A new potash export terminal is also being explored for the port.
Grain shipments through Prince Rupert Grain dipped 15.5% in 2010 at 4,294,103, while raw logs from the port grew 62% over 2009. Even the port’s cruise business was up slightly in 2010.
Through April 2011, container traffic has slipped somewhat by 15% over the 2010 record pace, but coal exports at 1,230,237 tonnes are in a frenzy, up by 82.5% at Ridley. Wheat continues its slump, but raw logs at 168,556 tonnes are up 139% over the same period of 2009.
Fairview will become the first Canadian terminal to offer shore power to container ships this summer.
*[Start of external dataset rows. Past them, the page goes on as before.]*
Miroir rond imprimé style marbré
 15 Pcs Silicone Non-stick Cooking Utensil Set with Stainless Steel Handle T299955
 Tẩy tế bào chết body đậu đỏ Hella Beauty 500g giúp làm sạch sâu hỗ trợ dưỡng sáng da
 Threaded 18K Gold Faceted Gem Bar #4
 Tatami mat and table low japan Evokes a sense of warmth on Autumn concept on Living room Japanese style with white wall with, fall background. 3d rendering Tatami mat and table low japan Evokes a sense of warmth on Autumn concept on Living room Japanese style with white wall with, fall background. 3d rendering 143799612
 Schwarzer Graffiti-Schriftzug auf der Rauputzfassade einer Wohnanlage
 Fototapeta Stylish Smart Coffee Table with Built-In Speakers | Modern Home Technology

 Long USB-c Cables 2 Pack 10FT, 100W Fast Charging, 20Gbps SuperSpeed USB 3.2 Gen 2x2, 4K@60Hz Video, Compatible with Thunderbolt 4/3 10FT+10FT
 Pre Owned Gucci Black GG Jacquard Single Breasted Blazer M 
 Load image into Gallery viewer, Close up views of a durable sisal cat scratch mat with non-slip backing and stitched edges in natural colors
Meanwhile, Phase II development of the facility is now in its environmental assessment stage and permitting is expected next year. The expansion will lift capacity to 1 million TEUs from the current 700,000.
“Over the next decade, we expect the Port of Prince Rupert to create another 50mt to our export capacity,” says a confident Shaun Stevenson,Vice President of Marketing & Business Development at the port.